### REQUIREMENT
With the line containing "Tube en papier" as the first and the final line of the entries as the last, repeat exactly the lines in that span, including both.

### DATASET EXCERPTS
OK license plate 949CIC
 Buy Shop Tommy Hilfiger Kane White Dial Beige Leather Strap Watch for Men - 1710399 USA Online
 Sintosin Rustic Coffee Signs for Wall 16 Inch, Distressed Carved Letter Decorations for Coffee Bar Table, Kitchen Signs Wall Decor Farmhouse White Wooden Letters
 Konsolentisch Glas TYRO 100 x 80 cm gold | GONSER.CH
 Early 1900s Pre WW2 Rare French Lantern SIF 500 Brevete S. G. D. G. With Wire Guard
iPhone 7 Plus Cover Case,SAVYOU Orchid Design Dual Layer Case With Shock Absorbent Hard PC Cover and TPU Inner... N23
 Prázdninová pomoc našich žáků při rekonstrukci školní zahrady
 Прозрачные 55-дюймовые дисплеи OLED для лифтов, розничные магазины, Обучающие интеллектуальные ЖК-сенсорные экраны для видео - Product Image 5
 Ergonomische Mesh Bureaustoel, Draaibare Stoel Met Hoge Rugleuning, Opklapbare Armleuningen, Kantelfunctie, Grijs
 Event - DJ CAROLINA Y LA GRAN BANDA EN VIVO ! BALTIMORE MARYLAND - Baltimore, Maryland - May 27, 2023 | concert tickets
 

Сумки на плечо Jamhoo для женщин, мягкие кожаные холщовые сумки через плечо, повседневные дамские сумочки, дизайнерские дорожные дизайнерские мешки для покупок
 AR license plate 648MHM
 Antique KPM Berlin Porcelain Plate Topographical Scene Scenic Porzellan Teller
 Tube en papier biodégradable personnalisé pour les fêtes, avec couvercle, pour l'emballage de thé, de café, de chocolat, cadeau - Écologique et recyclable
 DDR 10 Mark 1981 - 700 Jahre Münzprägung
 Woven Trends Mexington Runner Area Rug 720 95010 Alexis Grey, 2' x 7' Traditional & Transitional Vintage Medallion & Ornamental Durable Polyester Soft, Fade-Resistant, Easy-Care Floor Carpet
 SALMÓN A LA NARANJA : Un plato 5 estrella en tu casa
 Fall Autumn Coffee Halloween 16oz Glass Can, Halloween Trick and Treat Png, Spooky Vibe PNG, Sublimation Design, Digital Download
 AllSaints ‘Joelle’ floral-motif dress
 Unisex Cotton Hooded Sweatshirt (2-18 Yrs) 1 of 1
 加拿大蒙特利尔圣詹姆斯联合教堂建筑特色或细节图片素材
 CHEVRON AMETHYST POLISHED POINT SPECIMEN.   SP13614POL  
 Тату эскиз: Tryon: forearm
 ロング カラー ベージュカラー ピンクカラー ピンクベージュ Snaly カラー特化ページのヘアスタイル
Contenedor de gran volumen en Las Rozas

### RESULT BELOW
 Tube en papier biodégradable personnalisé pour les fêtes, avec couvercle, pour l'emballage de thé, de café, de chocolat, cadeau - Écologique et recyclable
 DDR 10 Mark 1981 - 700 Jahre Münzprägung
 Woven Trends Mexington Runner Area Rug 720 95010 Alexis Grey, 2' x 7' Traditional & Transitional Vintage Medallion & Ornamental Durable Polyester Soft, Fade-Resistant, Easy-Care Floor Carpet
 SALMÓN A LA NARANJA : Un plato 5 estrella en tu casa
 Fall Autumn Coffee Halloween 16oz Glass Can, Halloween Trick and Treat Png, Spooky Vibe PNG, Sublimation Design, Digital Download
 AllSaints ‘Joelle’ floral-motif dress
 Unisex Cotton Hooded Sweatshirt (2-18 Yrs) 1 of 1
 加拿大蒙特利尔圣詹姆斯联合教堂建筑特色或细节图片素材
 CHEVRON AMETHYST POLISHED POINT SPECIMEN.   SP13614POL  
 Тату эскиз: Tryon: forearm
 ロング カラー ベージュカラー ピンクカラー ピンクベージュ Snaly カラー特化ページのヘアスタイル
Contenedor de gran volumen en Las Rozas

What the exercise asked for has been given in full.